We compare the classical statistics estimate for p with the Bayesian estimate using three versions of an uninformed prior:
Beta(0,0) which does not exist as the Beta's shape parameters must be positive
Beta(0.5,0.5) which has a peak at zero and one
Beta(1,1) which is a Uniform(0,1) distribution
Note the plots below show the distributions above with an additional third parameter set to 1. This is equivalent to the more standard Beta parameterization with only two shape parameters.
When the Binomial success s is small (or close to n by reflection) the classical and Bayesian with Beta(0,0) prior give the widest distribution. The Bayesian with Beta(1,1) prior gives an estimate closer to 0.5, the Bayesian with Beta(0,0) prior gives an estimate the furthest away from 0.5, and the classical and Bayesian with Beta(0.5,0.5) prior lie in between.
The classical and Bayesian with Beta(0.5,0.5) prior give very similar results for n>9 and 0<s<n. All methods tend to the same result as n gets large, and tend more quickly to the same result as s approaches n/2. The Bayesian method with Beta(0,0) prior only works for 0<s<n.
It is interesting to see from density plots where these four techniques place their emphasis:
When s=1 and n=2 the Bayesian inference Beta(0,0) prior and the classical method have Uniform(0,1) distributions for p: in other words, there appears to be no information contained in the data except to say that 0<p<1. A Bayesian has already stated that the probability exists (and therefore lies within this range) while the classical statistics result must first determine that the probability is not either zero or one.

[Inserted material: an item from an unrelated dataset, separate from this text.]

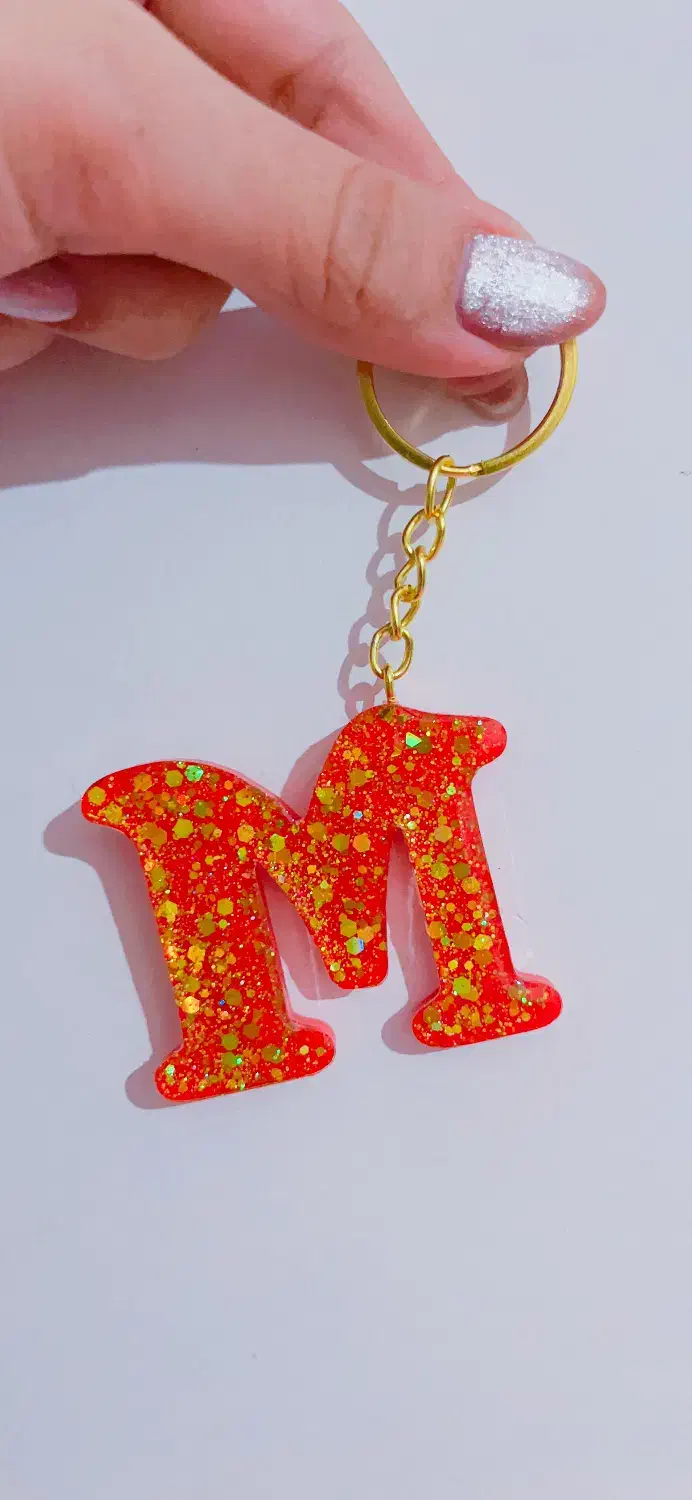 جاکلیدی زیبای رزینی|زیورآلات و اکسسوری|رشت, شهرک قدس|دیوار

When s=1 the classical and Bayesian with Beta(0,0) prior results in a mode at p=0 for any n, while the Bayesian with Beta(1,1) prior gives a mode at p=1/n, which is more intuitive.
For a Bayesian conjugate Beta(α,β) the s and n results above give the following means and modes:
Mode* (α-1)/(α+β-2) | Mean α/(α+β) | |
---|---|---|
Classical | » (s-0.6)/(n-1.2) | (s+0.5)/(n+1) |
Beta(0,0) | (s-1)/(n-2) | s/n |
Beta(0.5,0.5) | (s-0.5)/(n-1) | (s+0.5)/(n+1) |
Beta(1,1) | s/n | (s+1)/(n+2) |
* Note the formulas for the modes have some parameter restrictions.
At EpiX Analytics we use Bayesian inference with a Beta(1,1) or Beta(0.5, 0.5) prior when we think we know that the Binomial outcome is present, but we haven't observed it yet. For example, if we are testing for a machine failure yet to be observed, using a Beta(1,1) prior assumes there are failures intrinsic to the machine system so you would eventually observe them.
In contrast, if we don't know whether the Binomial outcome is present, we use the classical construction. For example, if performing a survey to find bugs in computer code it is possible that the code doesn't have bugs. In this case, the classical construction is a more honest option, and will avoid introducing unintended biases from a bayesian prior.
Although the Beta(0,0) prior is used elsewhere, we find it difficult to justify.